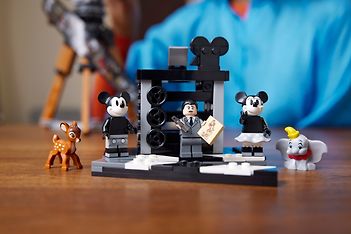 LEGO Disney Classic 43230 - Walt Disneylle omistettu kamera, kuva 7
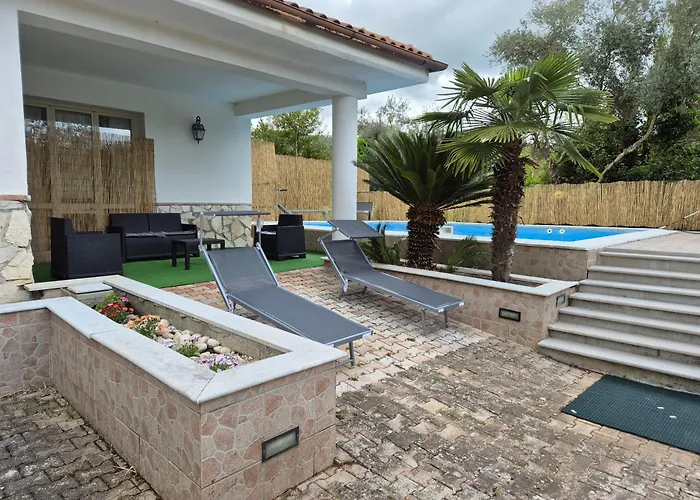 Casa Vacanze Villa Dalu Con Piscina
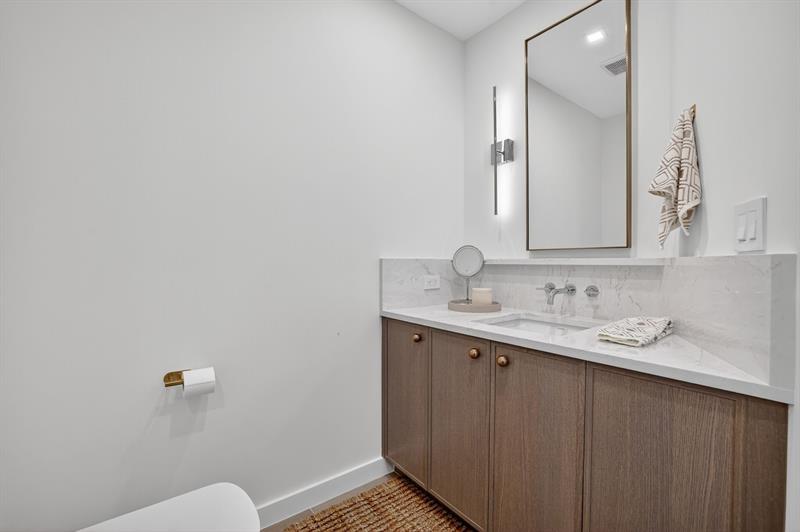 Image 64 of 98 For 701 Fort Lauderdale Beach Blvd  1606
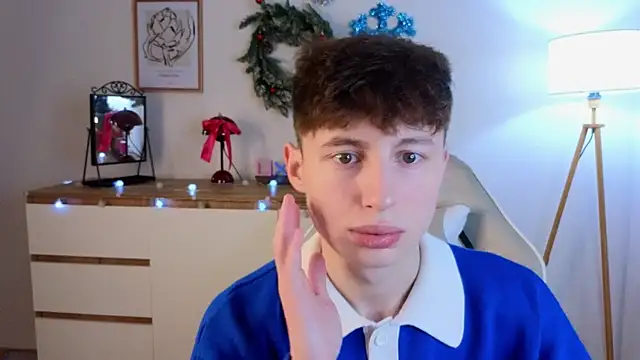 crisp1n online show from December 14, 3:06 pm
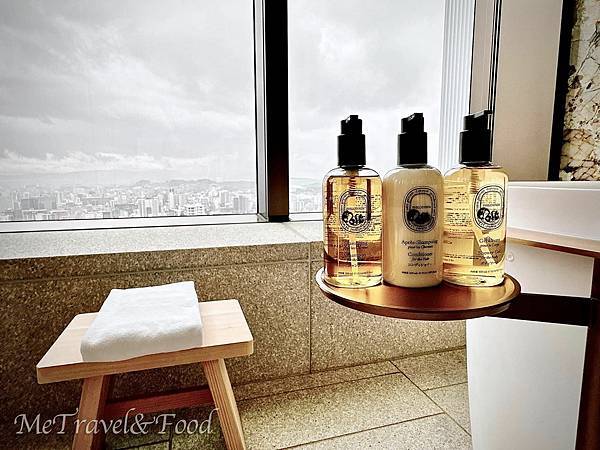 【 日本 • 福岡 • The Ritz Carlton F 【 日本 • 福岡 • The Ritz Carlton F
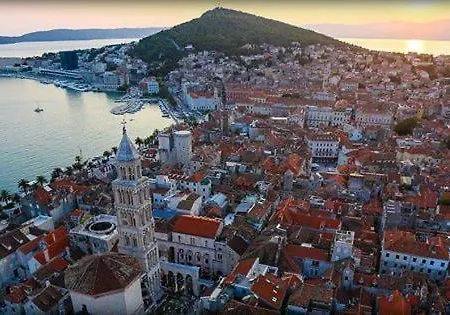 N&m - Diocletians Palace Pensionat Split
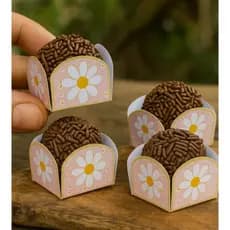 50 Forminhas de doces 4 pétalas tema Margaridas ENVIO IMEDIATO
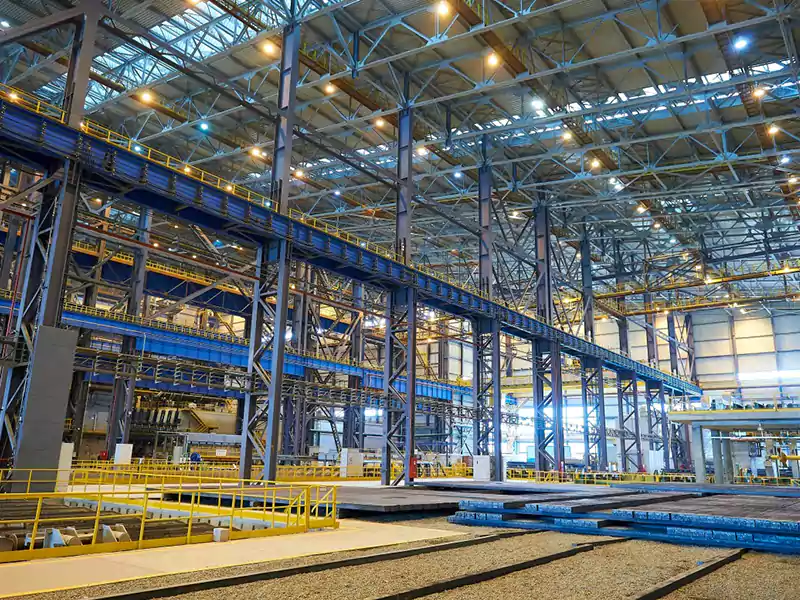 AMZHO high bay light lifter lowering fixtures in a 25-meter-high coal production factory.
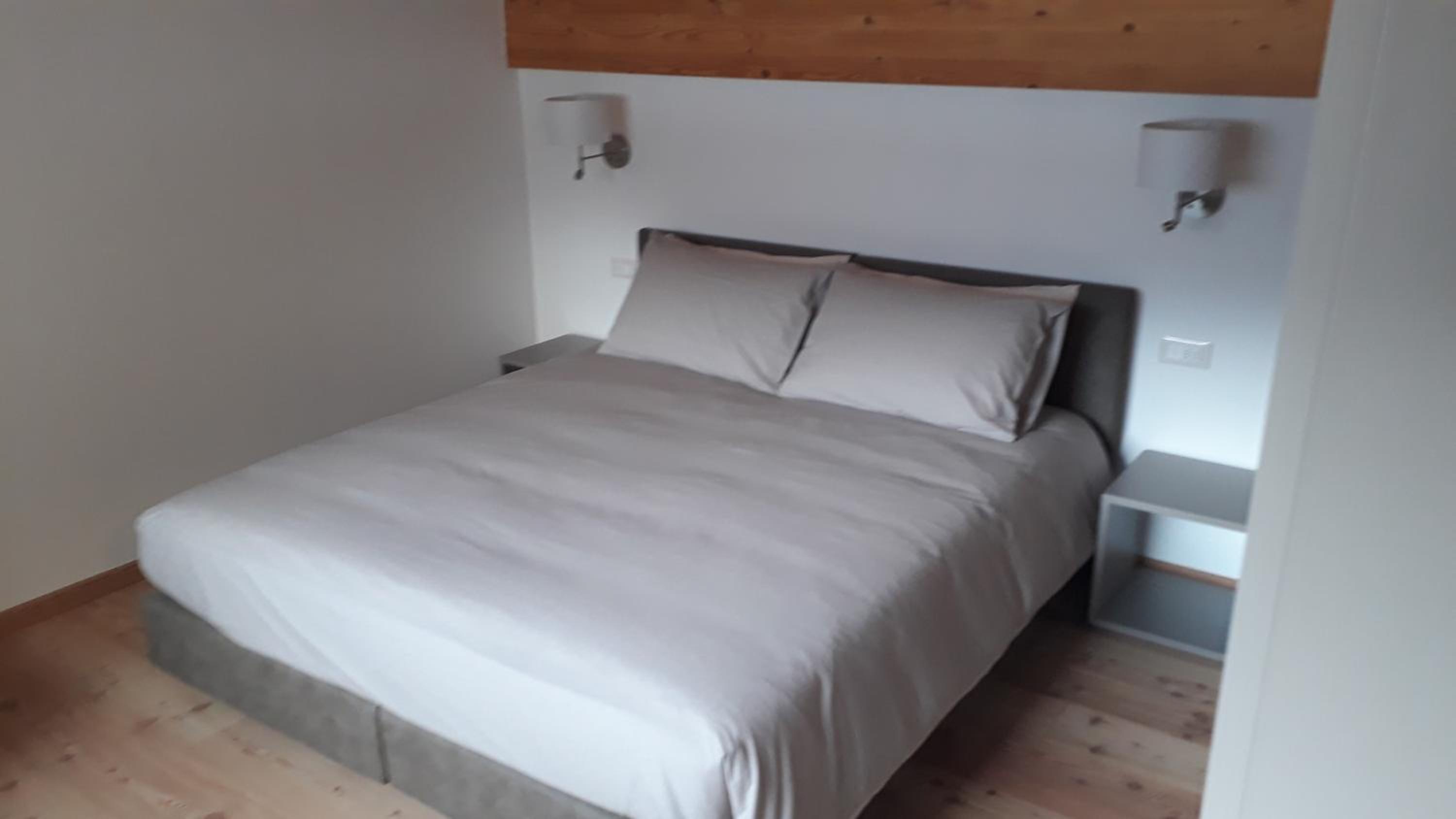 Double or Twin Room with Private Bathroom - Photo 4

————————

→ **Exercise**:
For this exercise, transcribe exactly only the lines from the one containing "Carlton F 【" through the end of the listing, inclusive, without the pictures.

→ **Output for this exercise**:
 【 日本 • 福岡 • The Ritz Carlton F 【 日本 • 福岡 • The Ritz Carlton F
 N&m - Diocletians Palace Pensionat Split
 50 Forminhas de doces 4 pétalas tema Margaridas ENVIO IMEDIATO
 AMZHO high bay light lifter lowering fixtures in a 25-meter-high coal production factory.
 Double or Twin Room with Private Bathroom - Photo 4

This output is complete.